DESCRIPTION OF THE TASK —
Each entry must be given again exactly as it appears, with images excluded.

DATA FOR ANALYSIS —
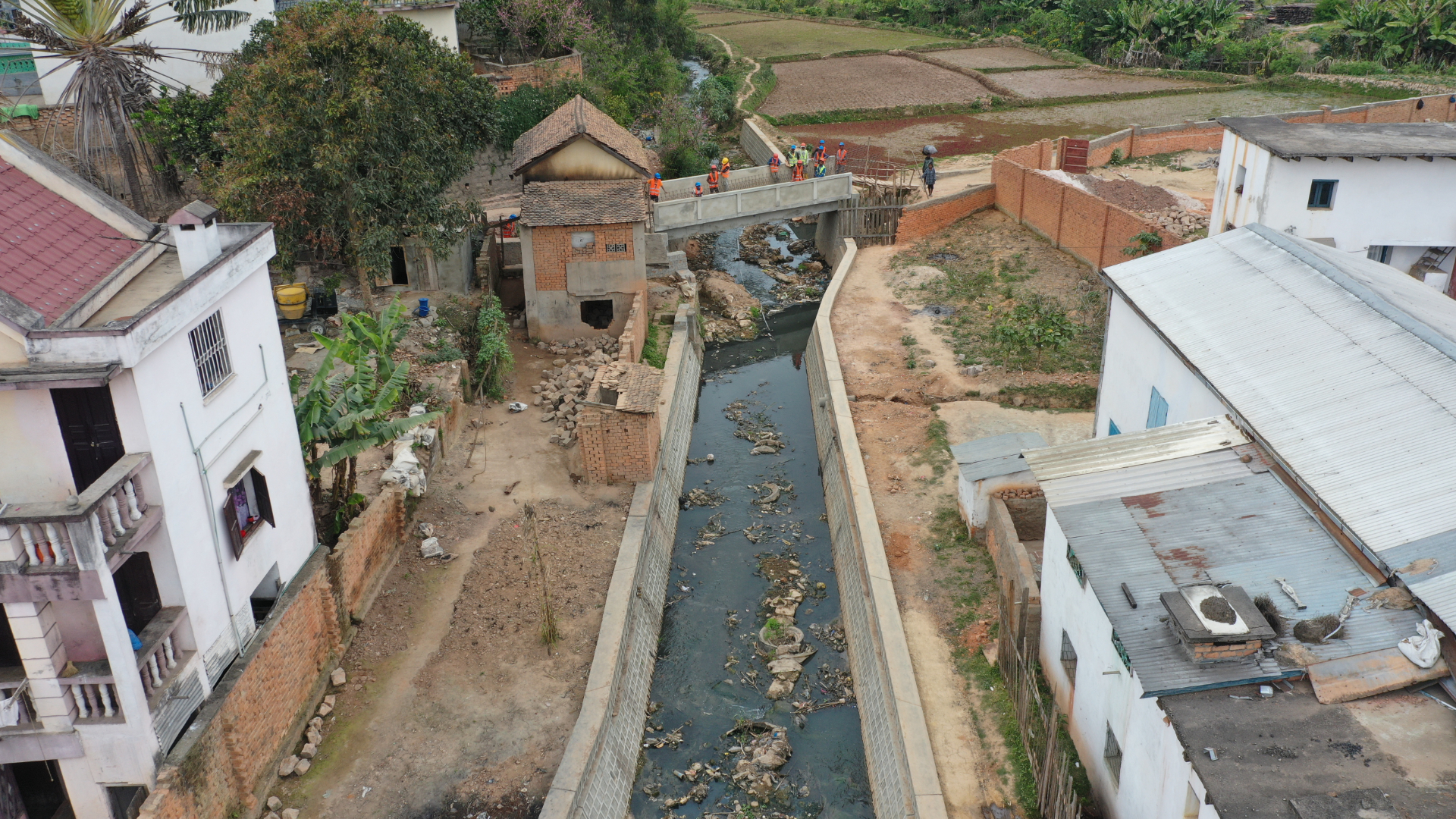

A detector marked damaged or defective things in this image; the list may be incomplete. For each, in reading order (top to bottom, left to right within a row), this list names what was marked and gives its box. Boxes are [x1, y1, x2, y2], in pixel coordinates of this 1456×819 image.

rusty metal roof [0, 158, 139, 323]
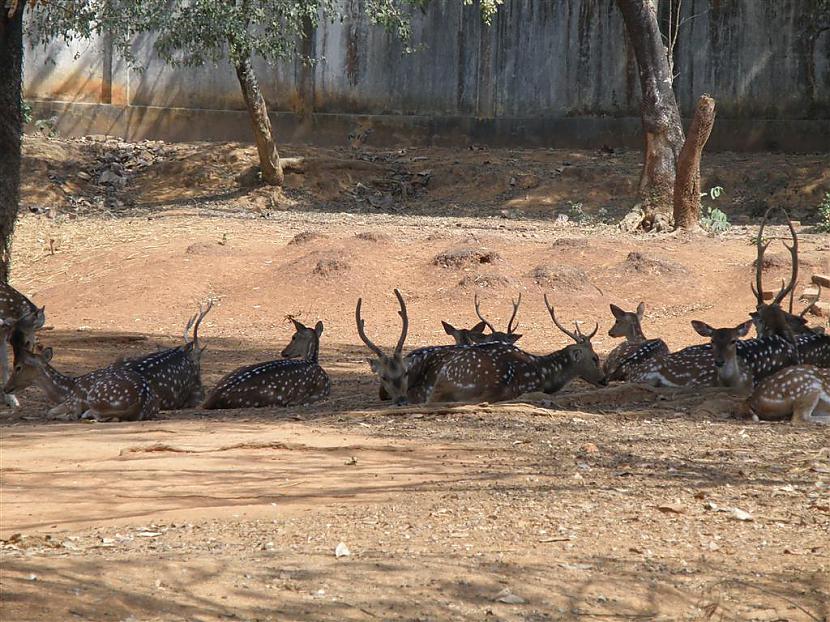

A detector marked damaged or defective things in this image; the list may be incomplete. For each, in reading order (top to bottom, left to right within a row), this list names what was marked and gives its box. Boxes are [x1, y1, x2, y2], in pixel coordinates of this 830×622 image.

wall with rust streak [21, 0, 830, 146]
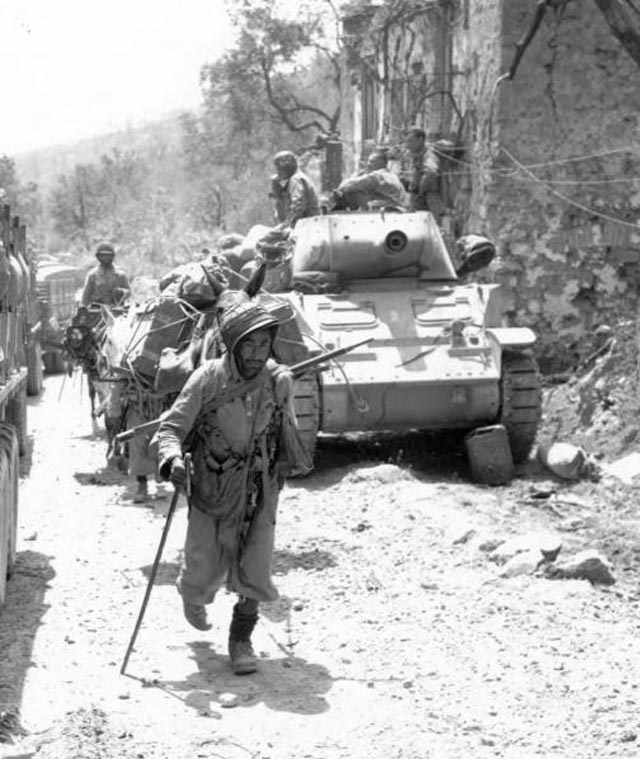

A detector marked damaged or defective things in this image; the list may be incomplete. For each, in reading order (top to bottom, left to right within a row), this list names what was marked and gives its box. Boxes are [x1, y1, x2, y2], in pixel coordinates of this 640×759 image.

damaged stone building [340, 0, 640, 368]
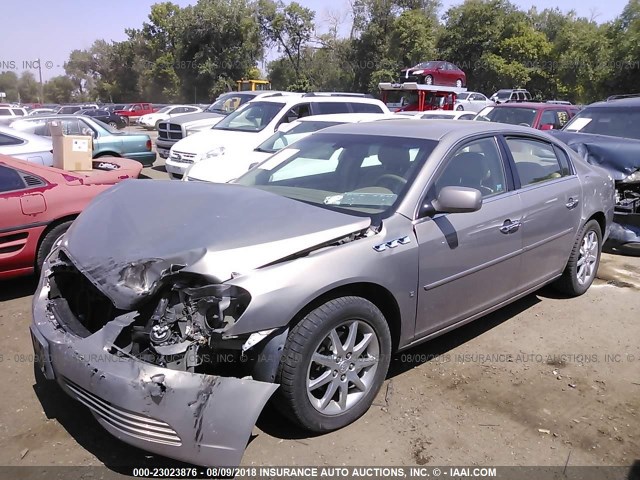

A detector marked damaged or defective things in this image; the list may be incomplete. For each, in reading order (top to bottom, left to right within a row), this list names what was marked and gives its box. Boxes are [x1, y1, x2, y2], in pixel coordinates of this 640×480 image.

broken front bumper [30, 266, 278, 464]
crumpled hood [62, 178, 372, 310]
damaged silver sedan [31, 120, 616, 464]
crumpled hood [552, 131, 640, 182]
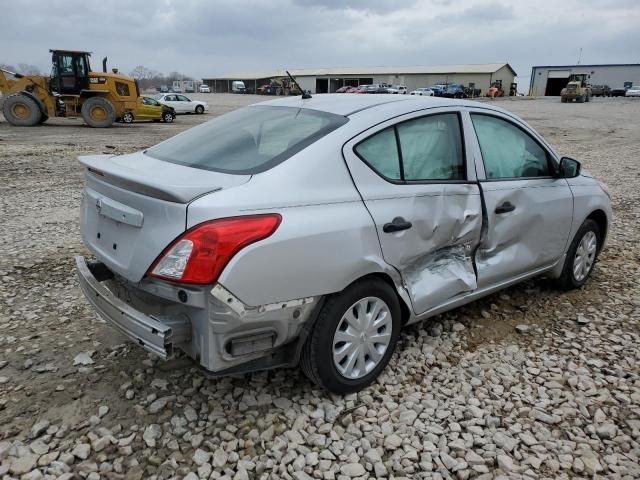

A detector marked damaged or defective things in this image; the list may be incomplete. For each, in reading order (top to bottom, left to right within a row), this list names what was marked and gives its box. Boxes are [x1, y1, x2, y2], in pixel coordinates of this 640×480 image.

broken tail light [150, 215, 282, 284]
damaged silver sedan [75, 94, 608, 394]
crushed rear bumper [75, 256, 190, 358]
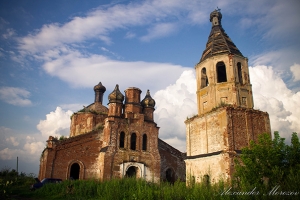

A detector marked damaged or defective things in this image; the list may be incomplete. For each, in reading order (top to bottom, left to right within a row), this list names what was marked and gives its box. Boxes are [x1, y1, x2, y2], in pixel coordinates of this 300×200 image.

rusty metal roof [199, 9, 244, 62]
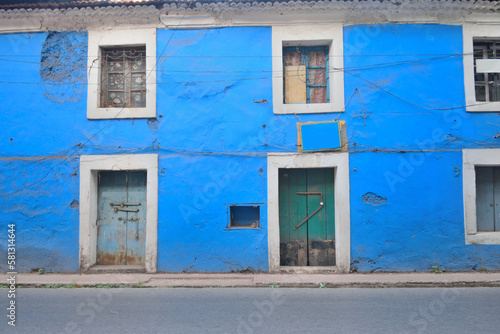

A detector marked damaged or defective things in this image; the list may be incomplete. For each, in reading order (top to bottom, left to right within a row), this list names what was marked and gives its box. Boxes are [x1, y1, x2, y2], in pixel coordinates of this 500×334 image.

peeling paint on wall [40, 32, 87, 104]
rusty stain on door [96, 171, 146, 264]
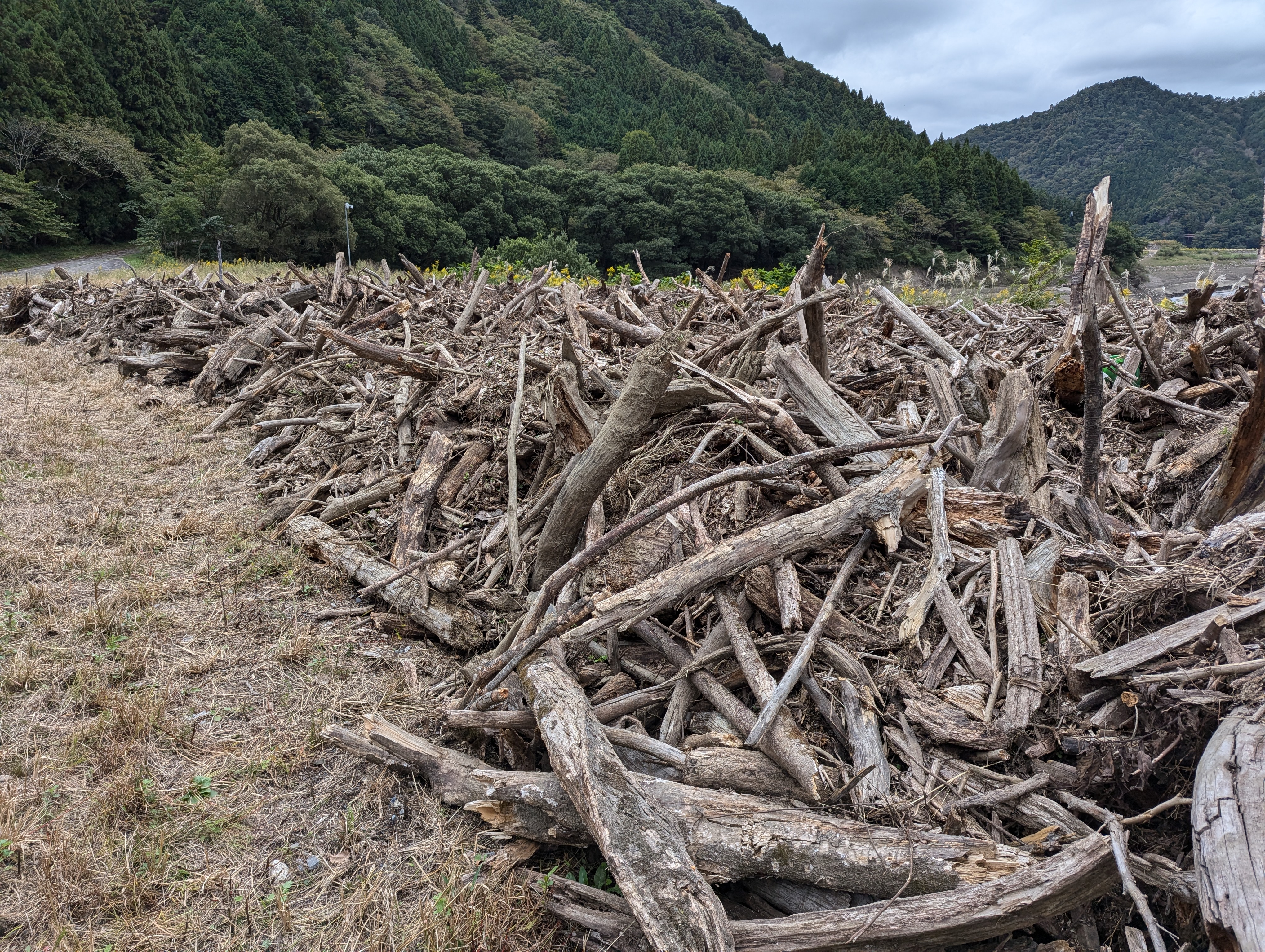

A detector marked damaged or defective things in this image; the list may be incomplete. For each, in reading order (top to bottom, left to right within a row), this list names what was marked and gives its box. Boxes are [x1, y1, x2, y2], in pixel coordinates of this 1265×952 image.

splintered wood [7, 205, 1265, 945]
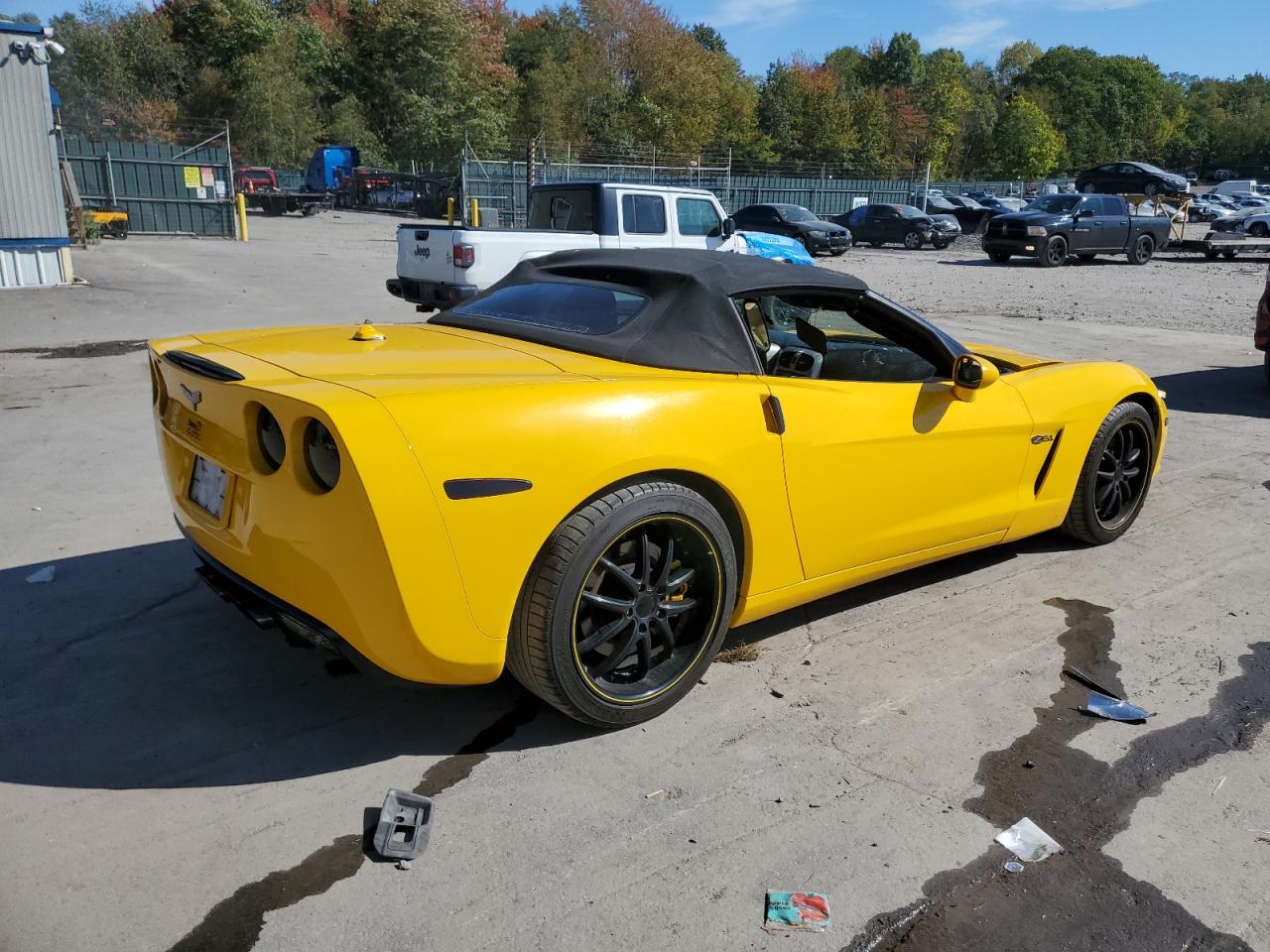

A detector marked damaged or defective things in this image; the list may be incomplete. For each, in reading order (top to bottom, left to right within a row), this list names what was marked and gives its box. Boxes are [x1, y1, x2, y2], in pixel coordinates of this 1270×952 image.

damaged vehicle [154, 249, 1167, 726]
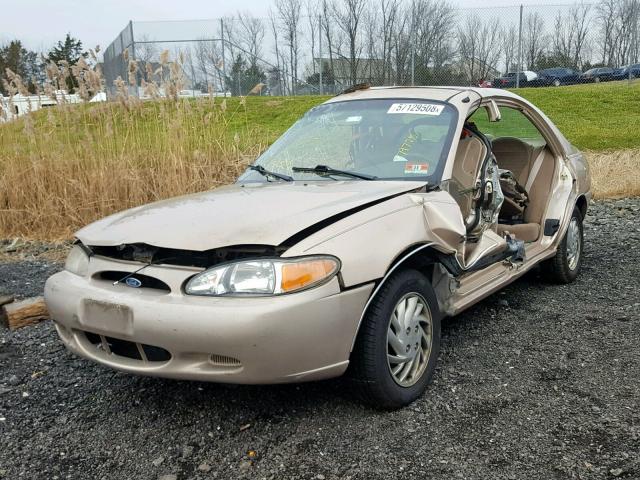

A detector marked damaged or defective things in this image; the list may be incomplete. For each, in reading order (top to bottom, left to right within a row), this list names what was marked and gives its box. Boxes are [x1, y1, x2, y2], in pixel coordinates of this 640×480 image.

damaged car [46, 86, 592, 408]
cracked windshield [239, 97, 456, 182]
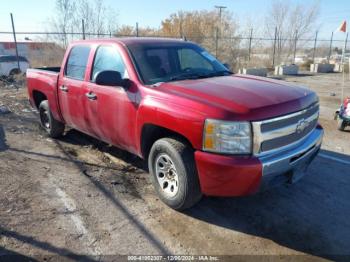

RESPONSE —
A detector marked damaged or defective things in this image; the list may be incomplete. For each, in reading order (top to bottom, left to right within a row), this list names what was marked and gives its box. Boxes are [x1, y1, x2, y2], in pixel coordinates of this 1456×819 image.

rusty metal roof [0, 158, 139, 323]

A detector marked damaged or defective things in this image; the list may be incomplete. For each, in reading order (top to bottom, left to right within a row), this list names what was marked and gives its box. Boxes are [x1, y1, x2, y2], in pixel coordinates of this 830×622 image.

wall with rust streak [21, 0, 830, 146]

A detector marked damaged or defective things in this image; the list may be incomplete. For each, in reading order (top to bottom, left to right within a row), this list names what was marked and gives its box. Boxes are [x1, y1, x2, y2], in pixel coordinates of this 640×759 image.

damaged stone building [340, 0, 640, 368]

A detector marked damaged or defective things in this image; the list may be incomplete. For each, in reading order (top to bottom, left to right within a row), this list names what was marked and gives its box. Boxes are [x1, y1, x2, y2], in pixel coordinates of this 640×480 image.

broken front bumper [30, 266, 278, 464]
crumpled hood [62, 178, 372, 310]
damaged silver sedan [31, 120, 616, 464]
crumpled hood [552, 131, 640, 182]

A detector marked damaged or defective things in this image; the list may be incomplete. For each, in reading order (top to bottom, left to right within a row), this list names what was marked and gives its box. Boxes are [x1, y1, x2, y2], in pixel coordinates of this 640×480 image.

broken tail light [150, 215, 282, 284]
damaged silver sedan [75, 94, 608, 394]
crushed rear bumper [75, 256, 190, 358]

A detector marked damaged or defective things in this image; the list may be incomplete. For each, in reading order (top to bottom, left to right within a row), this list names what was marked and gives its box. Boxes are [x1, y1, x2, y2], in pixel coordinates of this 300×200 image.

rusty metal roof [199, 9, 244, 62]

A detector marked damaged or defective things in this image; the list may be incomplete. For each, in reading order (top to bottom, left to right within a row), this list names what was marked and gives its box. Boxes are [x1, y1, x2, y2], in pixel coordinates of this 500×334 image.

peeling paint on wall [40, 32, 87, 104]
rusty stain on door [96, 171, 146, 264]

A detector marked damaged or defective things in this image; the list may be incomplete. For each, in reading order (top to bottom, left to right within a row), this list names what was marked and gives its box. Boxes are [x1, y1, x2, y2], in pixel coordinates of this 1265×952 image.

splintered wood [7, 205, 1265, 945]

A detector marked damaged or defective things in this image; the list may be incomplete. For each, in reading order (top to bottom, left to right within a row), this list names what was marked and gives its box. Boxes are [x1, y1, x2, y2], in pixel coordinates of this 1270×952 image.

damaged vehicle [154, 249, 1167, 726]

A detector marked damaged or defective things in this image; the list may be incomplete. For each, in reading order (top to bottom, left to right within a row), this list names what was marked and gives its box. Boxes are [x1, y1, x2, y2], in pixel coordinates of this 640×480 image.

damaged car [46, 86, 592, 408]
cracked windshield [239, 97, 456, 182]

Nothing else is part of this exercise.